En el alba de este tercer milenio todos nosotros, hijos de la Iglesia, estamos llamados a caminar en la vida cristiana con un renovado impulso. Como he escrito en la Carta apostólica Novo millennio ineunte, no se trata de « inventar un nuevo programa.  El programa ya existe.  Es el de siempre, recogido por el Evangelio y la Tradición viva.  Se centra, en definitiva, en Cristo mismo, al que hay que conocer, amar e imitar, para vivir en él la vida trinitaria y transformar con él la historia hasta su perfeccionamiento en la Jerusalén celeste». La realización de este programa de un nuevo vigor de la vida cristiana pasa por la Eucaristía.   Todo compromiso de santidad, toda acción orientada a realizar la misión de la Iglesia, toda puesta en práctica de planes pastorales, ha de sacar del Misterio eucarístico la fuerza necesaria y se ha de ordenar a él como a su culmen.   En la Eucaristía tenemos a Jesús, tenemos su Sacrificio Redentor, tenemos su Resurrección, tenemos el don del Espíritu Santo, tenemos la adoración, la obediencia y el Amor al Padre.  Si descuidáramos la Eucaristía, ¿cómo podríamos remediar nuestra indigencia?

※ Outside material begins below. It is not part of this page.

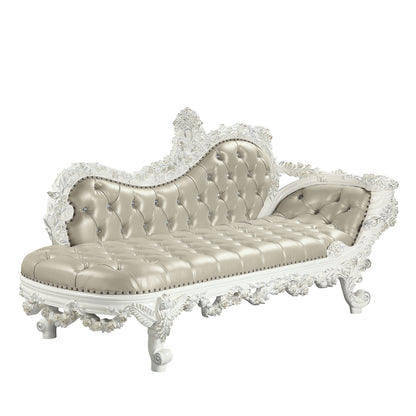 Vanaheim Beige Synthetic Leather & Antique White Finish Bench (Assembled)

El Misterio eucarístico –sacrificio, presencia, banquete – no consiente reducciones ni instrumentalizaciones; debe ser vivido en su integridad, sea durante la celebración, sea en el íntimo coloquio con Jesús apenas recibido en la comunión, sea durante la adoración eucarística fuera de la Misa.   Entonces es cuando se construye firmemente la Iglesia y se expresa realmente lo que es: una, santa, católica y apostólica; pueblo, templo y familia de Dios; cuerpo y esposa de Cristo, animada por el Espíritu Santo; sacramento universal de salvación y comunión jerárquicamente estructurada.   

Hagamos nuestros los sentimientos de santo Tomás de Aquino, teólogo eximio y, al mismo tiempo, cantor apasionado de Cristo eucarístico, y dejemos que nuestro ánimo se abra también en esperanza a la contemplación de la meta, a la cual aspira el corazón, sediento como está de alegría y de paz.